Work order> Transcribe each entry below exactly. Pictures do not go in the copy.

** Opening Material provided block **

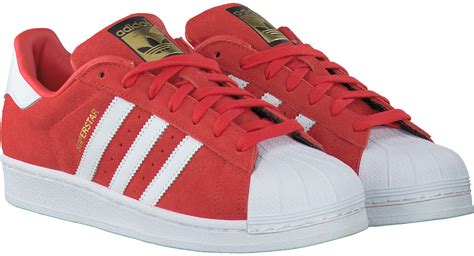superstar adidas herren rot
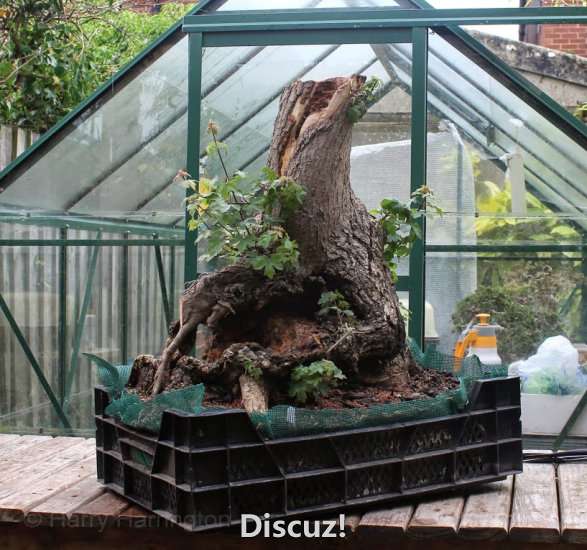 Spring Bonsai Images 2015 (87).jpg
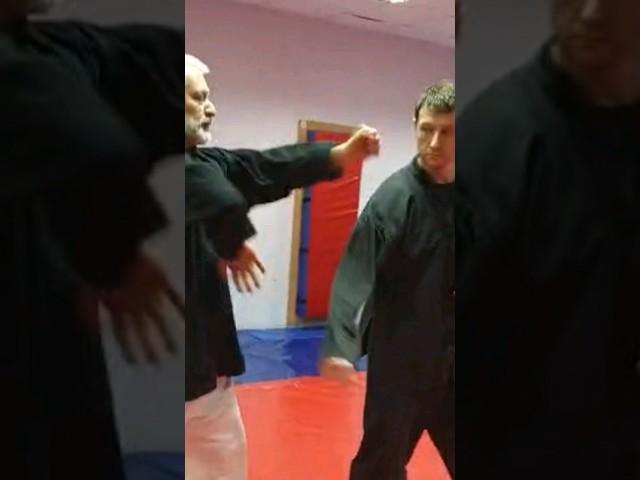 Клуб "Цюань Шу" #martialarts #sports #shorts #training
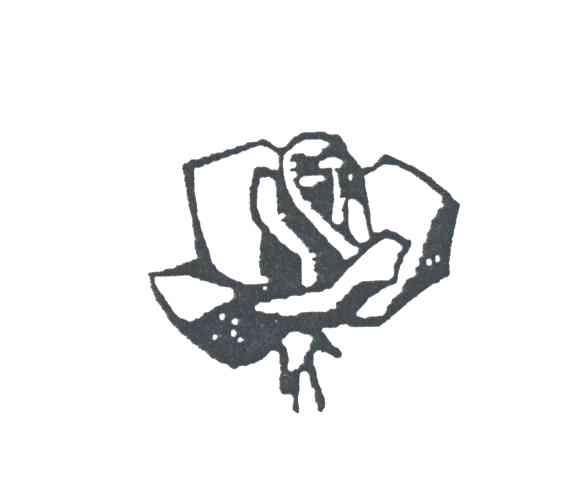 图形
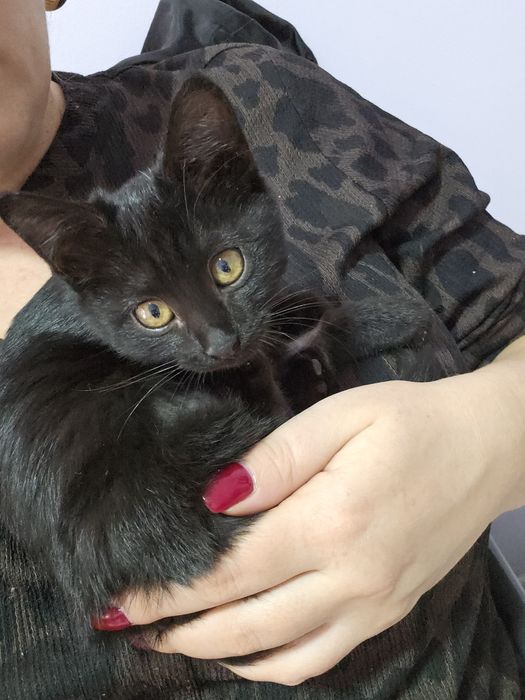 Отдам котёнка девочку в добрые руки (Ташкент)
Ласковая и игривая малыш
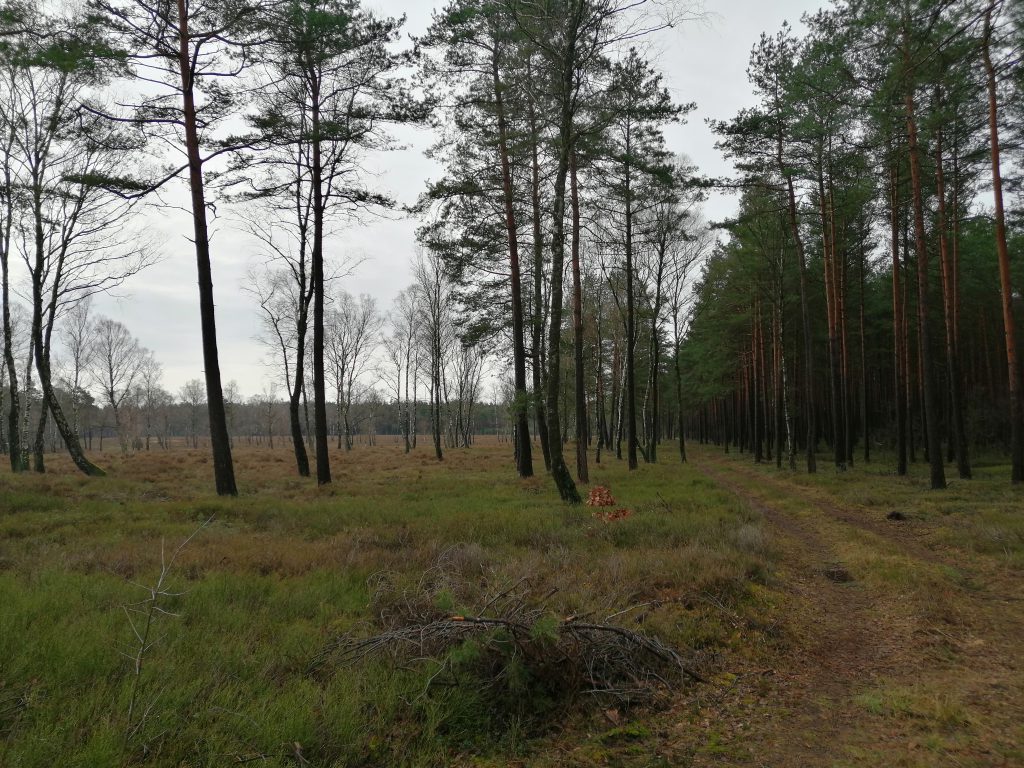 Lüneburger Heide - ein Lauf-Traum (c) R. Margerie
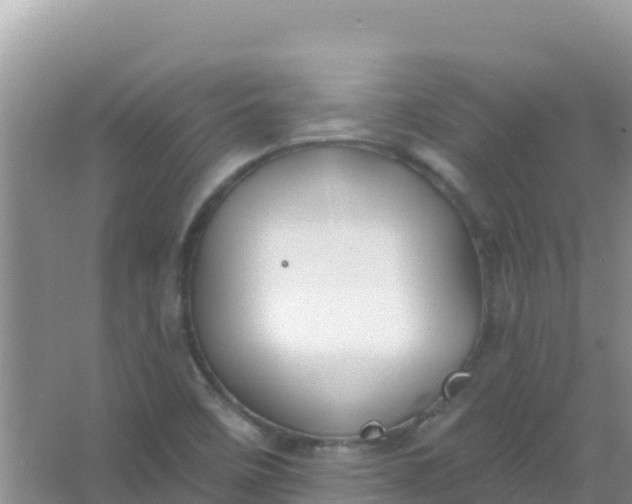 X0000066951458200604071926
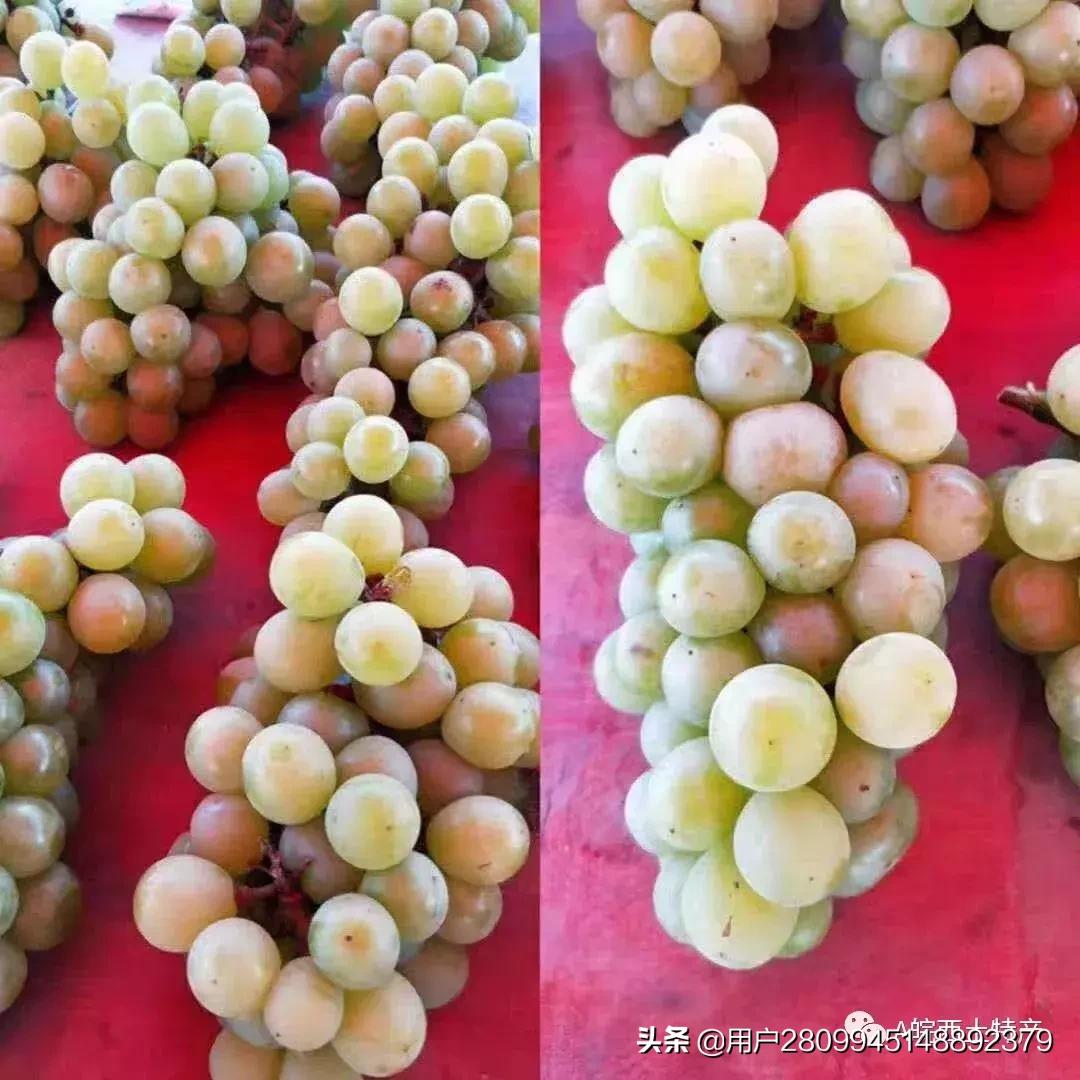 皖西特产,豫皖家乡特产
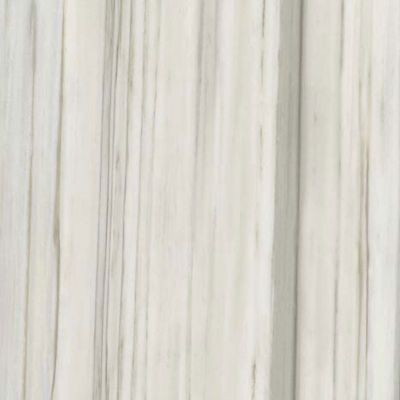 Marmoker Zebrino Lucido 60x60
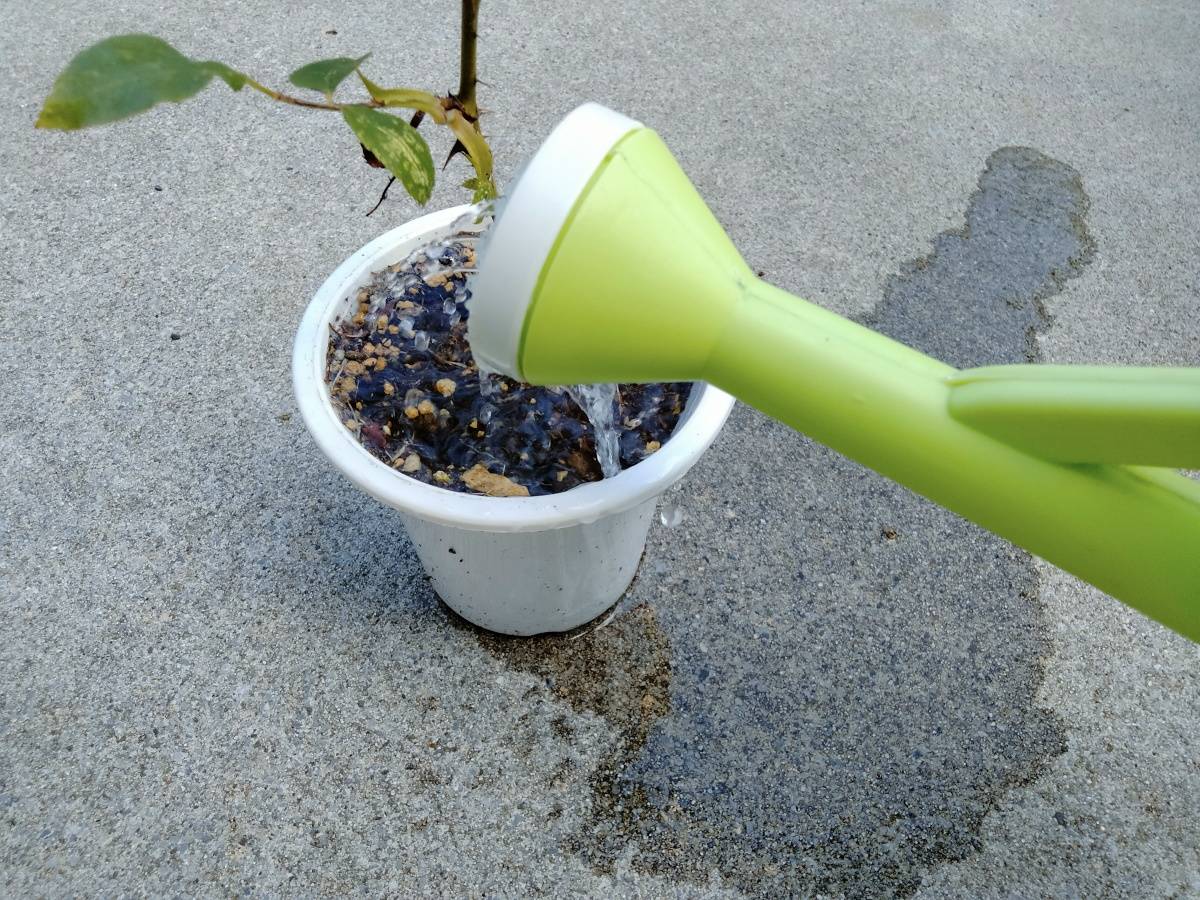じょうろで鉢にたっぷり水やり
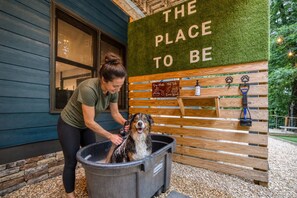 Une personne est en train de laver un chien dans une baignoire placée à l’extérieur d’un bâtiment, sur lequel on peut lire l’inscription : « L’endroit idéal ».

** Closing Material provided block **

Exercise solution>
superstar adidas herren rot
 Spring Bonsai Images 2015 (87).jpg
 Клуб "Цюань Шу" #martialarts #sports #shorts #training
 图形
 Отдам котёнка девочку в добрые руки (Ташкент)
Ласковая и игривая малыш
 Lüneburger Heide - ein Lauf-Traum (c) R. Margerie
 X0000066951458200604071926
 皖西特产,豫皖家乡特产
 Marmoker Zebrino Lucido 60x60
じょうろで鉢にたっぷり水やり
 Une personne est en train de laver un chien dans une baignoire placée à l’extérieur d’un bâtiment, sur lequel on peut lire l’inscription : « L’endroit idéal ».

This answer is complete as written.